Question

Find the equation of the plane passing through the point $a=2i+3j-k$ and perpendicular to the vector $3i-2j-2k$ and the distance of the plane from the origin?

Answer 1

Equation of plane is given by

$\overrightarrow{r}.\left(2\hat{i}+3\hat{j}-\hat{k}\right)=2$

Distance of plane from origin $=2$ units.

Now, to find the equation of the plane passing through the point $a=2\hat{i}+3\hat{j}-\hat{k}$ and perpendicular to a vectors $3\hat{i}-2\hat{j}-2\hat{k}$ and the distance of this plane from the origin.

We know that equation of a plane in vector form is given by $\overrightarrow{r}.\overrightarrow{n}=d$

here plane is passing through

$\begin{array}{c}a=2\hat{i}+3\hat{j}-\hat{k}\\ \overrightarrow{n}=3\hat{i}-2\hat{j}-2\hat{k}\end{array}$

So, the plane passes through vector $a$ and perpendicular to vector $n$ is given by equation.

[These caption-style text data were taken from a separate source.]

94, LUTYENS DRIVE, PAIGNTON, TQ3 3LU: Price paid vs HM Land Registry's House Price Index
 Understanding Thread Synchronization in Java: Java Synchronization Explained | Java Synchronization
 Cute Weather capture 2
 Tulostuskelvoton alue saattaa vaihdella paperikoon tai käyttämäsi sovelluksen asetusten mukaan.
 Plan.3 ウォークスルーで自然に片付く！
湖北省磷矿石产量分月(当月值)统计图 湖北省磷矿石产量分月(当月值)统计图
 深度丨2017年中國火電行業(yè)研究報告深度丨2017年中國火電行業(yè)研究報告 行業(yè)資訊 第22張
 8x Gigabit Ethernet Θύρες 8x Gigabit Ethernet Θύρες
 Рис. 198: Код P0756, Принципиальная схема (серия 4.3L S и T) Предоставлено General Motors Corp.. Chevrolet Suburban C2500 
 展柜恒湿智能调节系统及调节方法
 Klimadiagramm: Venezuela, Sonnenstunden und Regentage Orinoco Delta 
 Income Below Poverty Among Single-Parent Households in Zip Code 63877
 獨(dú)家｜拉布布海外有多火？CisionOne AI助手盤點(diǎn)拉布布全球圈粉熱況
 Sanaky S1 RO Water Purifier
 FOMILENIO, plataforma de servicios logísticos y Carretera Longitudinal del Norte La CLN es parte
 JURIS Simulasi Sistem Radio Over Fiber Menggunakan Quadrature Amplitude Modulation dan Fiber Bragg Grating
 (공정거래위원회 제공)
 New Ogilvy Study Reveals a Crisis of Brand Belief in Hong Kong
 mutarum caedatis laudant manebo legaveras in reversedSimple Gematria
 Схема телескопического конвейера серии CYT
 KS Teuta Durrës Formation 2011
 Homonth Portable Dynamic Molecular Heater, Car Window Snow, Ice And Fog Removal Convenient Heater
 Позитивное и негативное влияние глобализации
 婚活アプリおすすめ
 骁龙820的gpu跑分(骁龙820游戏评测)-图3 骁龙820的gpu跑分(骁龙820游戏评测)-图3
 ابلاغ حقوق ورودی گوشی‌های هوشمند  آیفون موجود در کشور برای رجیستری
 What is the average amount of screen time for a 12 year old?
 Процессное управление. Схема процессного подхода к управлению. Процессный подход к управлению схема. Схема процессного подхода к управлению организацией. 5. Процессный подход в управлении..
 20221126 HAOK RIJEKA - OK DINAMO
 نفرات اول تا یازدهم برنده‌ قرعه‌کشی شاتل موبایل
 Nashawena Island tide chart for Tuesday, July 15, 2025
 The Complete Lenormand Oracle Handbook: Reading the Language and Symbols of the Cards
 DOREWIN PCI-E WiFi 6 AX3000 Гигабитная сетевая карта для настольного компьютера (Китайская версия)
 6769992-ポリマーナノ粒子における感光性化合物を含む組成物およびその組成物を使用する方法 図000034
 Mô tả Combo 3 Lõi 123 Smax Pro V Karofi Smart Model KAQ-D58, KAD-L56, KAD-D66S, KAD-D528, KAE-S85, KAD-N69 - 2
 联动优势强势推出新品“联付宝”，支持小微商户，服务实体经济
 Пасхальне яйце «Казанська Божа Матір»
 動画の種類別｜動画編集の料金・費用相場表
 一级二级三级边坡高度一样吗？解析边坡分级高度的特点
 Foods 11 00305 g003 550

$\begin{array}{c}\left(\overrightarrow{r}-\overrightarrow{a}\right).\overrightarrow{n}=0\\ \Rightarrow \overrightarrow{r}\overrightarrow{n}=\overrightarrow{a}\overrightarrow{n}\\ \Rightarrow \overrightarrow{r}.\left(2\hat{i}+3\hat{j}-\hat{k}\right)=\left(2\hat{i}+3\hat{j}-\hat{k}\right).\left(3\hat{i}-2\hat{j}-2\hat{k}\right)\\ \Rightarrow \overrightarrow{r}.\left(2\hat{i}+3\hat{j}-\hat{k}\right)=6-6+2\\ \Rightarrow \overrightarrow{r}.\left(2\hat{i}+3\hat{j}-\hat{k}\right)=2\end{array}$

is the required equation of plane.

Distance of plane from origin $=2$ units.